Fig. 5. Small portion of parenchyma of rhizome Owing to the peculiar course of its bundles, the appearance of the longitudinal section of the rhizome is not very unlike that of the transverse section.

The parenchyma of both roots and rhizome is rich in small-grained starch, and there are also in both scattered cells containing bundles of needle-like raphides.

The starch grains are sometimes nearly spherical, simple, and with a central, and often fissured, hilum; but they are more frequently compound, consisting of two, three, or sometimes of a larger number of easily separable grains. Stratification lines are only recognized with difficulty, even in the largest grains.

Fig. 6. A few starch grains of Veratrum viride The writer has observed in one instance the fraudulent substitution of the rhizome and rootlets of Symplocarpus foetidus for those of Veratrum viride. The drug was so prepared that the incautious purchaser might easily have mistaken it for the genuine article, but the fraud could not have deceived a careful observer, for the roots of Symplocarpus are much coarser, averaging at least an eighth of an inch in diameter; the rhizomes also average considerably larger, the cortex is relatively thicker, the structure of the rhizome is more porous, the starch grains are much smaller, and the leaf-bases at the top are much less numerous and not tunicated. The foetid odor of Symplocarpus is also characteristic; but when the drug has been kept for some time, this odor becomes faint, or entirely disappears, and so is less reliable than the structural characters as a means of identification.
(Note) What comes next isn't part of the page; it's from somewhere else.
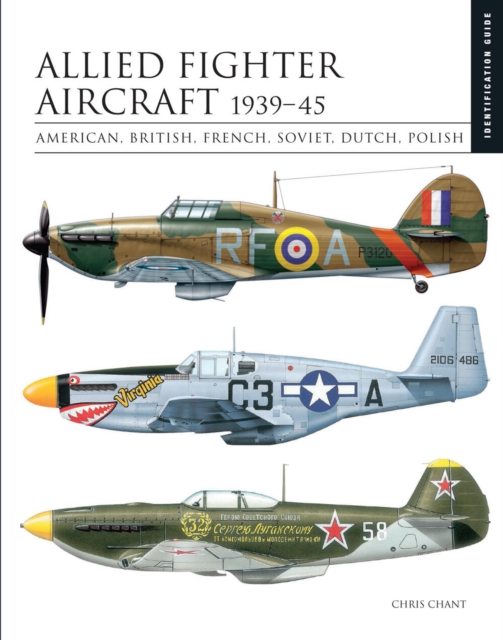 Allied Fighter Aircraft 1939-45 : American, British, French, Soviet, Dutch, Polish, Hardback Book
As between the rhizomes of Veratrum album and those of Veratrum viride, it would indeed be very difficult to distinguish by structural, or any other characters, if the drugs were trimmed alike. Fortunately, however, this is not the case, the rhizomes of Veratrum album having the roots mostly trimmed away, while those of Veratrum viride are not removed.


The American Journal of Pharmacy, Vol. 67, 1895, was edited by Henry Trimble.